Exercise description: Keeping every word the same, give again only the lines from the one with "в гигантском бассейне" through the end of the data, both included, and leave every picture out.

*** Opening of Material for this exercise ***

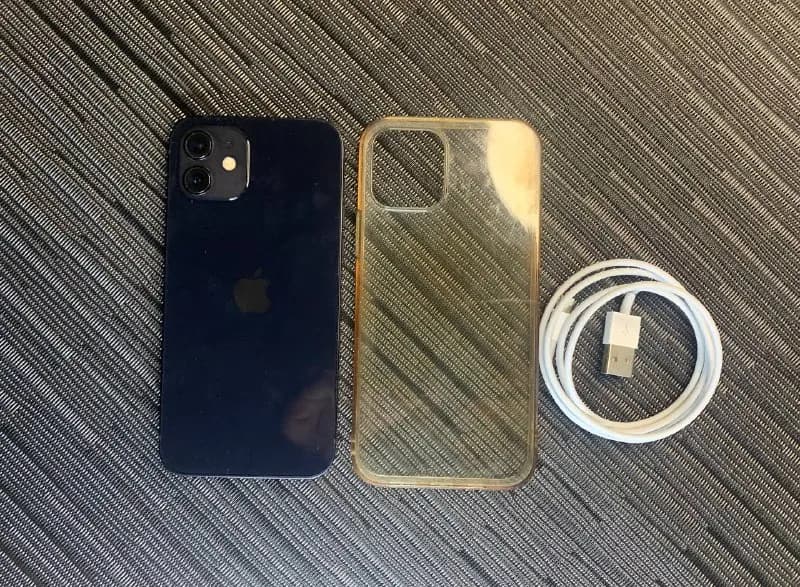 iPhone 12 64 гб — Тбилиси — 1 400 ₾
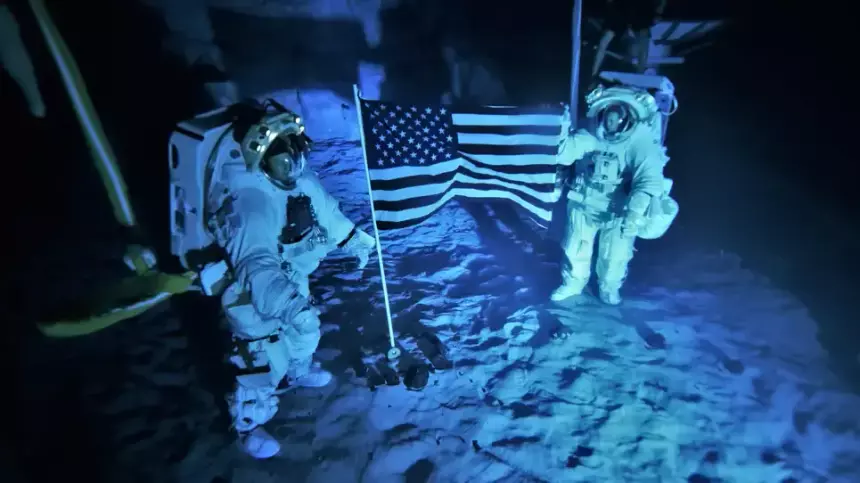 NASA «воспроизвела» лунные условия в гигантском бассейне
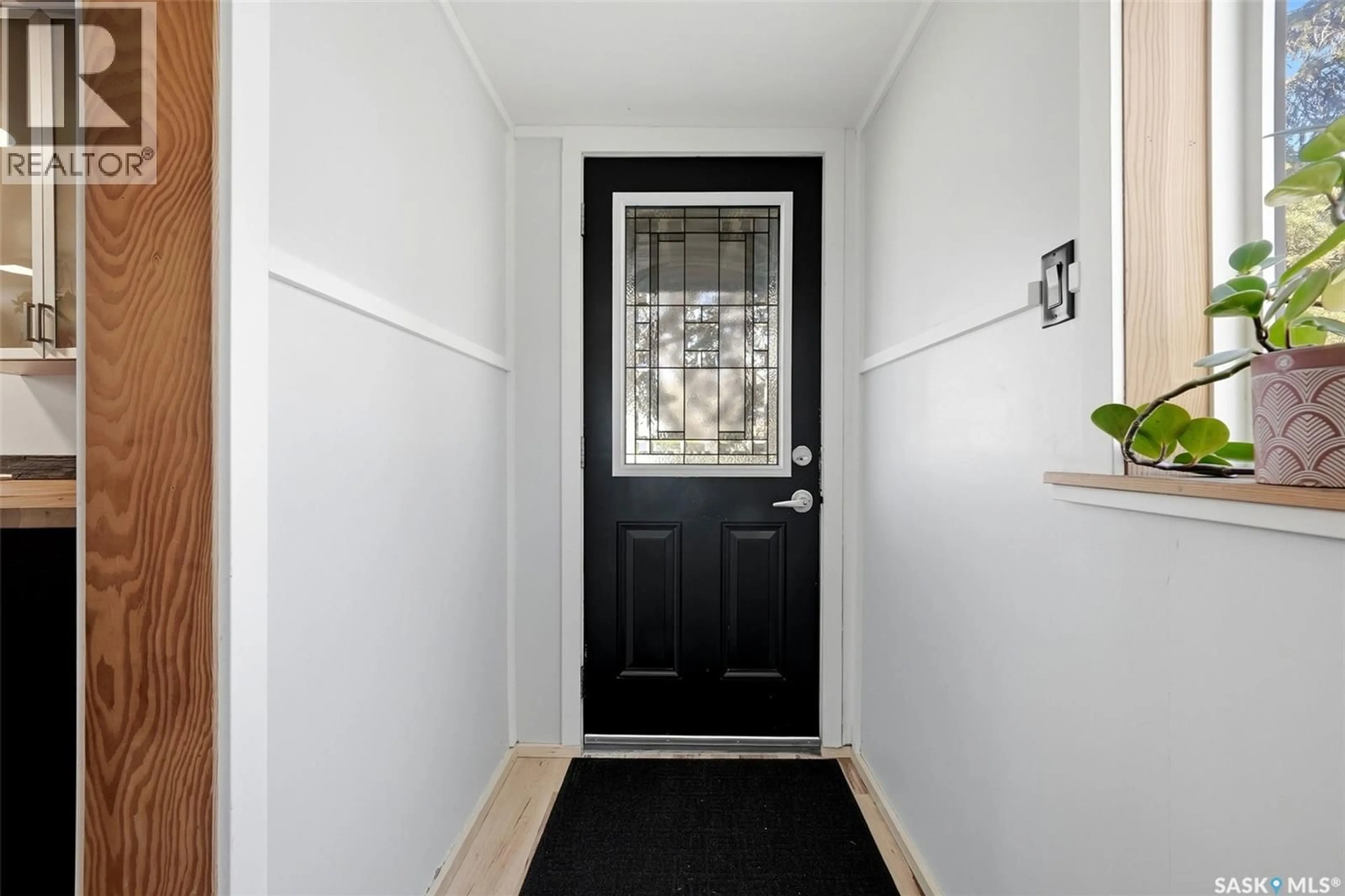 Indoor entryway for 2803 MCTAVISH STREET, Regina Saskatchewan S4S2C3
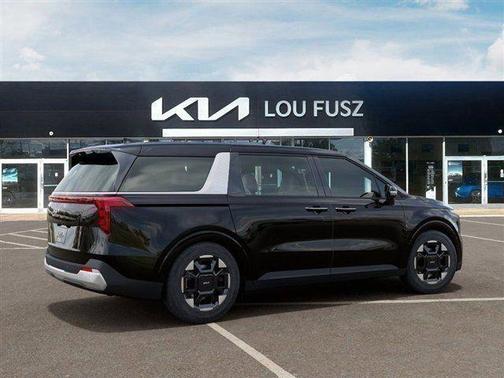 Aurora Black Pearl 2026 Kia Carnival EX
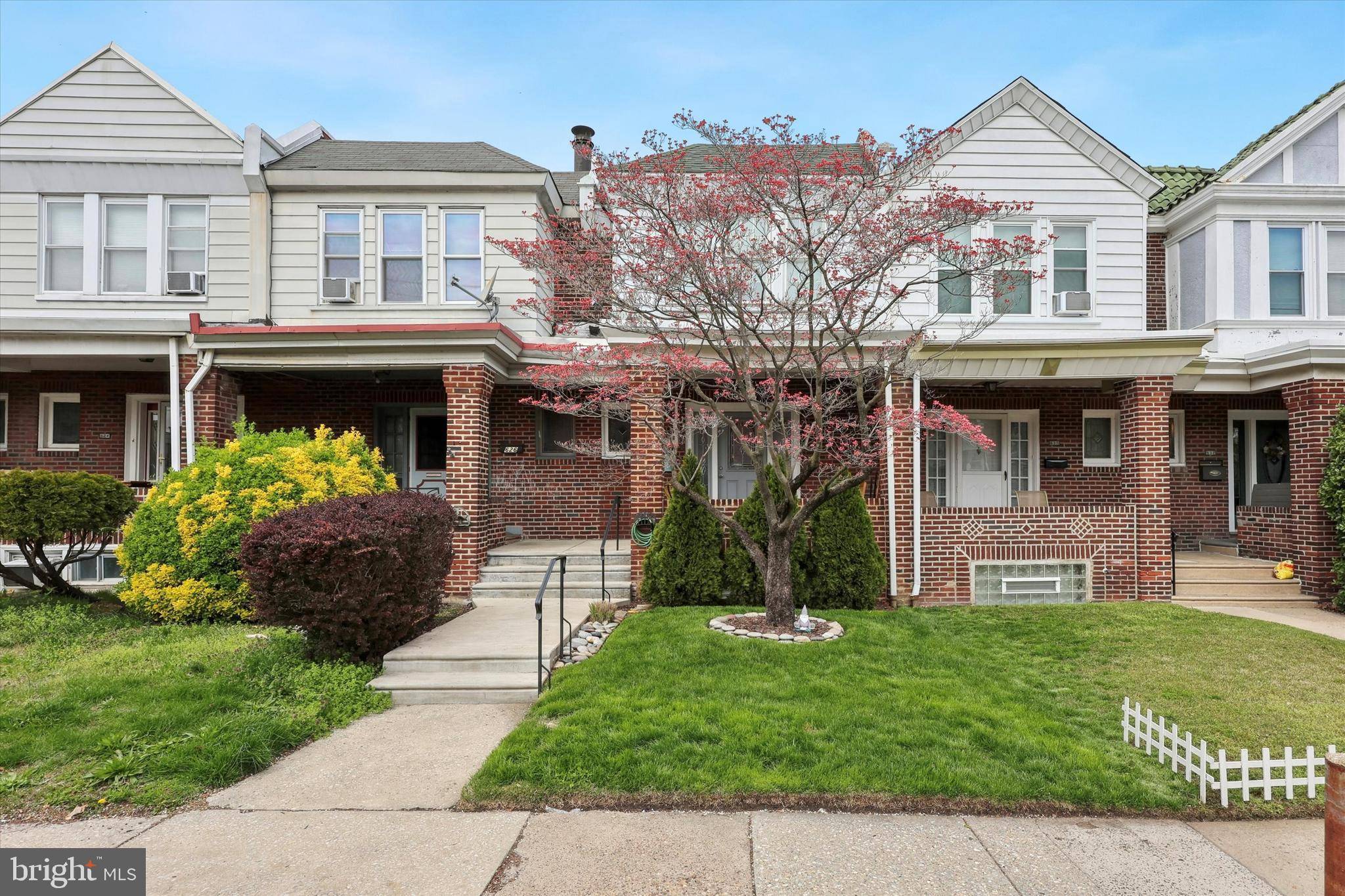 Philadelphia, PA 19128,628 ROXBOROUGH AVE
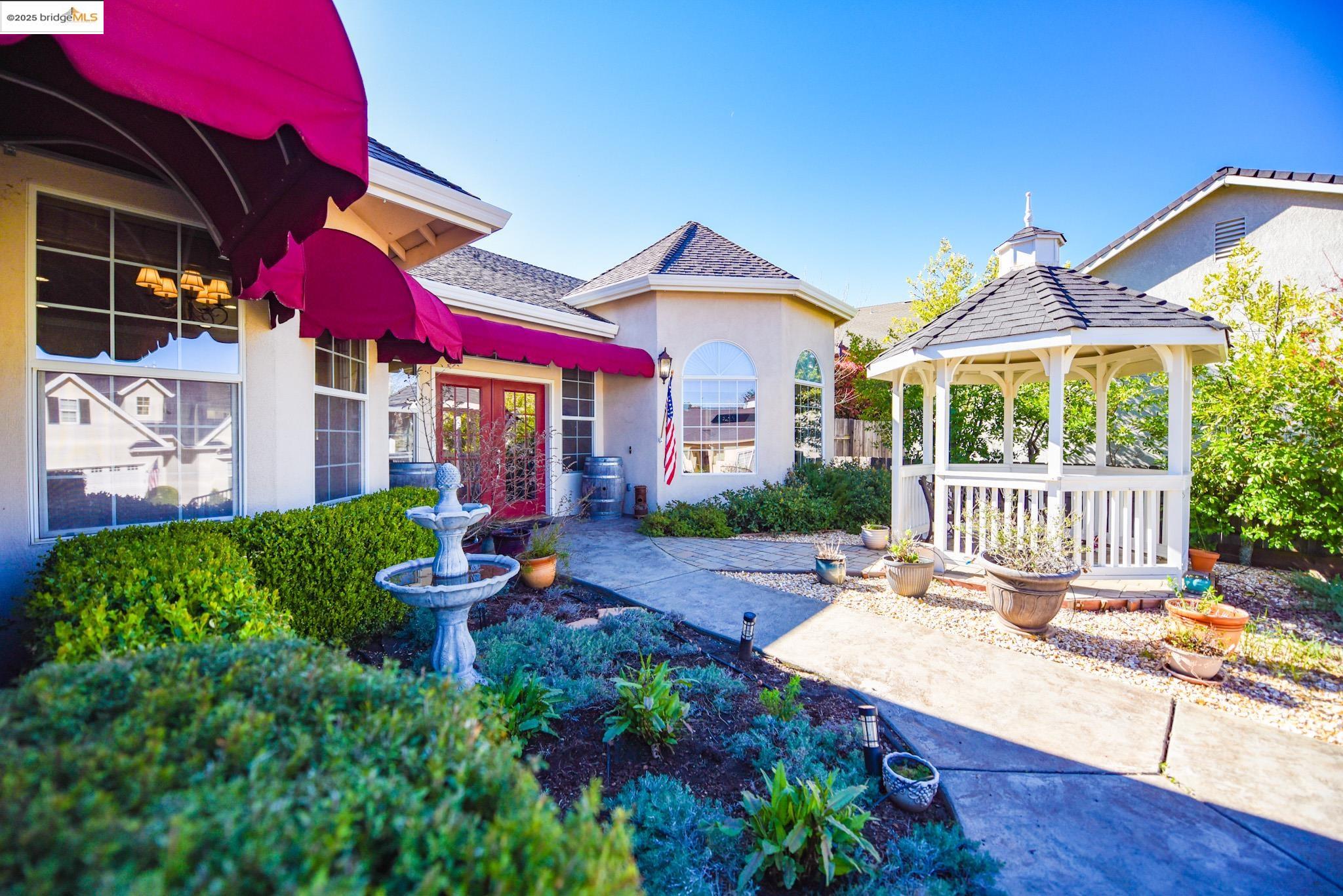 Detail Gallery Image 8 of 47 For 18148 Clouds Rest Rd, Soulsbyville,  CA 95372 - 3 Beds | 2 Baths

*** Close of Material for this exercise ***

Solution for this problem:
 NASA «воспроизвела» лунные условия в гигантском бассейне
 Indoor entryway for 2803 MCTAVISH STREET, Regina Saskatchewan S4S2C3
 Aurora Black Pearl 2026 Kia Carnival EX
 Philadelphia, PA 19128,628 ROXBOROUGH AVE
 Detail Gallery Image 8 of 47 For 18148 Clouds Rest Rd, Soulsbyville,  CA 95372 - 3 Beds | 2 Baths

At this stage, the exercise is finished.